**ABOUT THIS EXERCISE**:
Among the entries below, extract exactly the lines that run from the one with "Academy said 'this" through the one with "To store RBCs", both ends included.

**SOURCE DATA**:
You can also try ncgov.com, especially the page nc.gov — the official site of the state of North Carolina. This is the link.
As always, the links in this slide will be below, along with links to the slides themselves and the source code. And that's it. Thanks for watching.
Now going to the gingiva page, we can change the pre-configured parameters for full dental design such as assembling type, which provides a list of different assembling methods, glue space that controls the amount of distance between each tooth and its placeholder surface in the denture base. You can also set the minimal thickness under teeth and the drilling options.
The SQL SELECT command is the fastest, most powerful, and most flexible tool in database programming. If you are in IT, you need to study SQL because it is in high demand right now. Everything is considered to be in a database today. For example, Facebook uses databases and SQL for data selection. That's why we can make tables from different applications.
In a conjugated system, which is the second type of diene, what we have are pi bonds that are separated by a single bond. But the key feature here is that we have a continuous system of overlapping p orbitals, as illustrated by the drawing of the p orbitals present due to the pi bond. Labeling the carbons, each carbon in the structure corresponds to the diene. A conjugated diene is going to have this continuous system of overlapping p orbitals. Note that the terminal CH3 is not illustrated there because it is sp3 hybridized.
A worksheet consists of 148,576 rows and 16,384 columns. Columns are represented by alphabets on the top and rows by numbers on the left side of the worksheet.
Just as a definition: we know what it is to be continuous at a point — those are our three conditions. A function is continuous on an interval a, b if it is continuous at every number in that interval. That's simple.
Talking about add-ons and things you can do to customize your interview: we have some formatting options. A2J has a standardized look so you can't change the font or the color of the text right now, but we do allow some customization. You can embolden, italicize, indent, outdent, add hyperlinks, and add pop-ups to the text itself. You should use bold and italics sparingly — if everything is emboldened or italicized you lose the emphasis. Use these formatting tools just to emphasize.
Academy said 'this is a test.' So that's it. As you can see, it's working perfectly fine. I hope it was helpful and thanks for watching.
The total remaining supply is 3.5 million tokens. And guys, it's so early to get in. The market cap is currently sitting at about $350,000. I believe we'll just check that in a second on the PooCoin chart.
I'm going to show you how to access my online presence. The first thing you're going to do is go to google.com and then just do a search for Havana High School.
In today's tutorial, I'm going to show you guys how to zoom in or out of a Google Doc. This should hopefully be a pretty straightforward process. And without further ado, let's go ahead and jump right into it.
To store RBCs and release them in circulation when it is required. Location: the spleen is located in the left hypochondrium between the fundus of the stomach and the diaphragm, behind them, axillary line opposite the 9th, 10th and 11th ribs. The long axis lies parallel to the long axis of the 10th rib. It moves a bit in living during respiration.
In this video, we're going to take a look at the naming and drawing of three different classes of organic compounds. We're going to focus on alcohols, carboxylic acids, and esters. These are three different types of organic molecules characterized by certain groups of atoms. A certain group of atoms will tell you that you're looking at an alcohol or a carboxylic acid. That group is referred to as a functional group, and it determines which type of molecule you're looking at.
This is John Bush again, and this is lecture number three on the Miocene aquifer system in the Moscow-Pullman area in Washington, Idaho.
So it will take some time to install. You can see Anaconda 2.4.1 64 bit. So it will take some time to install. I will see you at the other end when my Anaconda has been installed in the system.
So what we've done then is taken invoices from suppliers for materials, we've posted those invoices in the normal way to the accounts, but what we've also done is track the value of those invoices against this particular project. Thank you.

**ANSWER**:
Academy said 'this is a test.' So that's it. As you can see, it's working perfectly fine. I hope it was helpful and thanks for watching.
The total remaining supply is 3.5 million tokens. And guys, it's so early to get in. The market cap is currently sitting at about $350,000. I believe we'll just check that in a second on the PooCoin chart.
I'm going to show you how to access my online presence. The first thing you're going to do is go to google.com and then just do a search for Havana High School.
In today's tutorial, I'm going to show you guys how to zoom in or out of a Google Doc. This should hopefully be a pretty straightforward process. And without further ado, let's go ahead and jump right into it.
To store RBCs and release them in circulation when it is required. Location: the spleen is located in the left hypochondrium between the fundus of the stomach and the diaphragm, behind them, axillary line opposite the 9th, 10th and 11th ribs. The long axis lies parallel to the long axis of the 10th rib. It moves a bit in living during respiration.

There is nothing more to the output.